His lecture “An Inheritance From Our Forefathers”? Historians and the Memory of the Irish Revolution is the 2015 Annual Edmund Burke Lecture. This lecture series, instituted by the Trinity Long Room Hub Arts & Humanities Research Institute in 2014, marks Trinity’s strong connection with the 18th-century philosopher, historian and politician Edmund Burke.
Professor Roy Foster said: “Edmund Burke was preoccupied by the idea of ‘inheritances’ in history, and Irish history is full of them – often contested. I’m interested in the way that we now pay as much attention to ‘memory’ and its operations as to the search for historical facts, and what this means for the decade of commemorations in which we’re immersed. This requires looking at the role history and historians play in Irish life. I also think that one way to approach the memory of our revolutionary past is to look again at what the revolutionaries – or many of them –actually wanted, in relation to the achievements and actuality of the Irish state today.”

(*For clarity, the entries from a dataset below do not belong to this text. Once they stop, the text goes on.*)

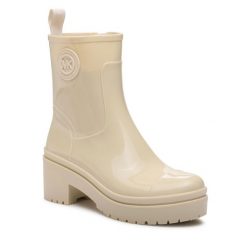 Botki MICHAEL Michael Kors. Botki damskie MICHAEL Michael Kors, bez obcasa, na słupku, bez zapięcia. Za 709.99 zł.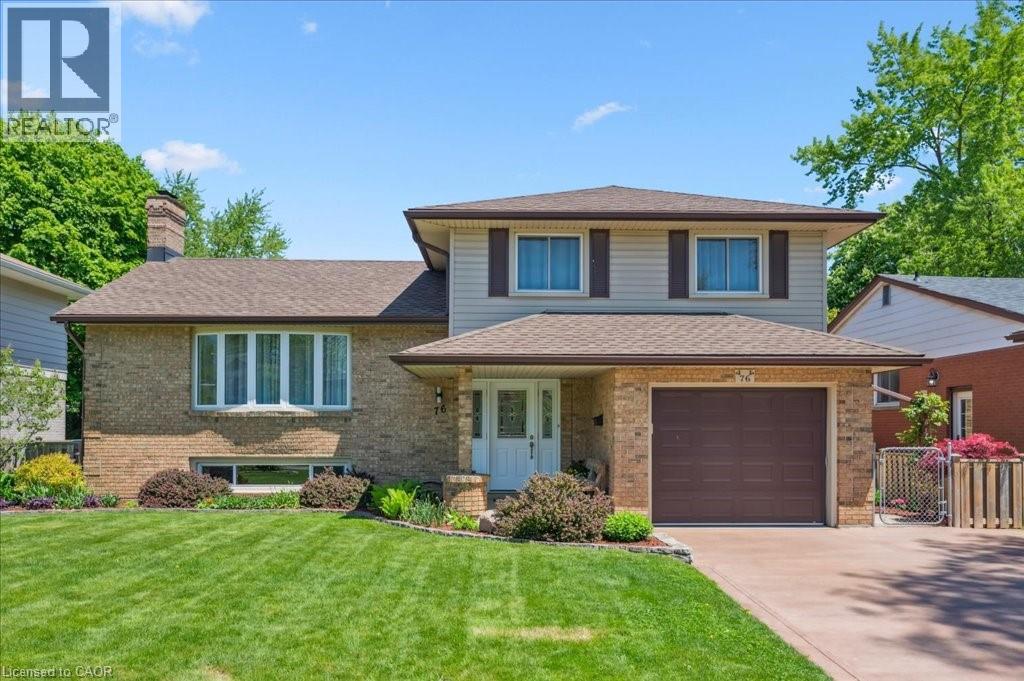 76 Lower Canada Cres, Kitchener, ON N2P 1E8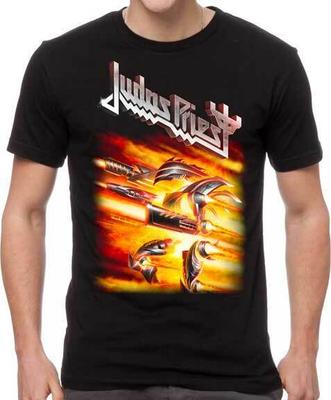 Judas Priest Firepower Tour Unisex Tričko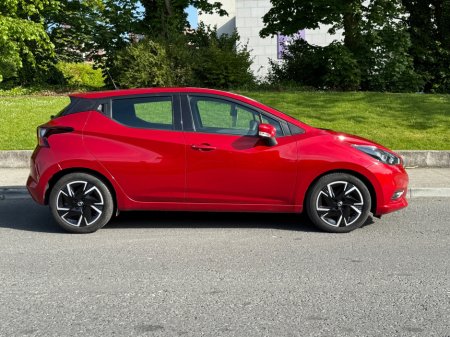 2022 Nissan Micra 1.0 SV CVT MY21.5 4DR AUTO €18,950 thumbnail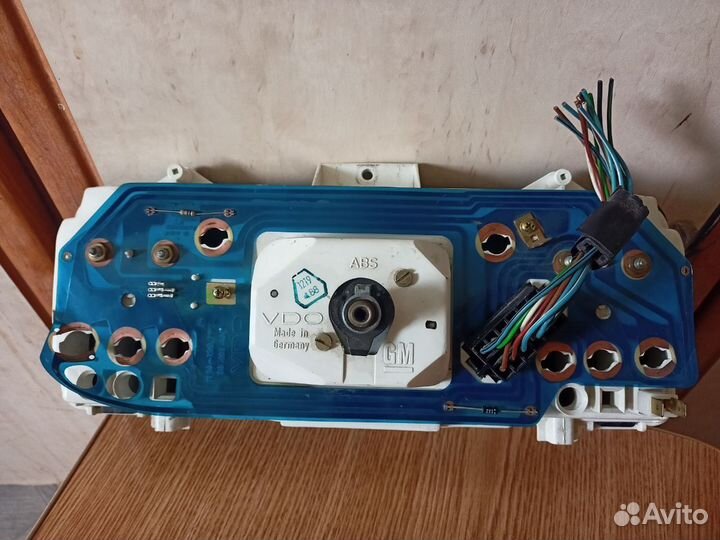 Приборная панель Opel Ascona Kadett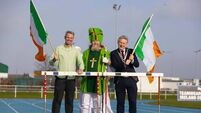 Olympian Thomas Barr announced as Grand Marshall of St. Patrick's Parade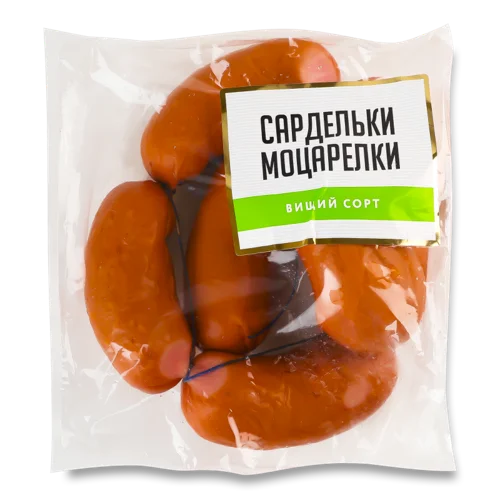 Сардельки Варені Моцарелки Самобранка, кг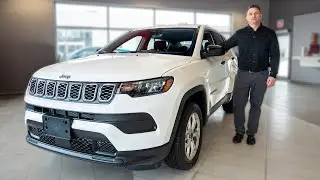 2025 Jeep Compass Sport Full Review! Interior, Exterior and More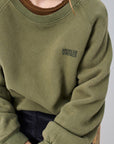 American Vintage - izubird sweatshirt - vintage khaki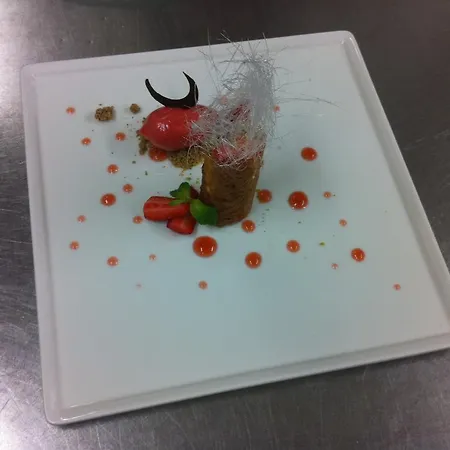 & Restaurant Les 3 Barbus Hotel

Jane Ohlmeyer, Professor of Modern History, and Director of Trinity Long Room Hub, added: “Edmund Burke is one of Trinity’s most famous and most distinguished graduates. We are delighted to be welcoming another distinguished graduate back to Trinity to explore the fascinating subject of the memory of the Irish revolution and the challenges presented by the current centennial observations of the Irish revolutionary decade.”
About Roy Foster
Roy Foster is a graduate of Trinity College Dublin, where he was a Foundation Scholar in History and studied under T.W.Moody. Subsequent appointments included Professor of Modern British History at Birkbeck College, University of London, visiting fellowships at St Antony’s College, Oxford, the Institute for Advanced Study, Princeton, and Princeton University, and (since 1991) the Carroll Chair of Irish History, University of Oxford.
Currently, he holds the visiting Parnell Fellowship at Magdalene College, Cambridge. He is a Fellow of the British Academy, the Royal Historical Society and the Royal Society of Literature, and an Honorary Member of the Royal Irish Academy, and has received honorary degrees from the University of Aberdeen, The Queen’s University of Belfast, Trinity College, Dublin, the National University of Ireland, Queen’s University, Canada, and the University of Edinburgh as well as an Honorary Fellowship at Birkbeck College, University of London.
His books include Charles Stewart Parnell: The Man and His Family (1976), Lord Randolph Churchill: A Political Life (1981), Modern Ireland 1600-1972 (1988), The Oxford Illustrated History of Ireland (1989), The Sub Prefect Should Have Held His Tongue: Selected Essays of Hubert Butler (1990), Paddy and Mr Punch: Connections in Irish and English History (1993), The Irish Story: Telling Tales and Making It Up in Ireland (2001), which won the 2003 Christian Gauss Award for Literary Criticism, W.B. Yeats, A Life. I: The Apprentice Mage 1865-1914 (1997) which won the 1998 James Tait Black Prize for biography, and Volume II: The Arch-Poet, 1915-1939 (2003), Luck and the Irish: a brief history of change 1970-2000 (2007) and Words Alone: Yeats and his Inheritances (2011), based on his 2009 Clark Lectures at Cambridge.
His most recent book is Vivid Faces: the revolutionary generation in Ireland 1890-1922 (2014), which was awarded a British Academy Medal. He is also a well-known cultural critic and broadcaster.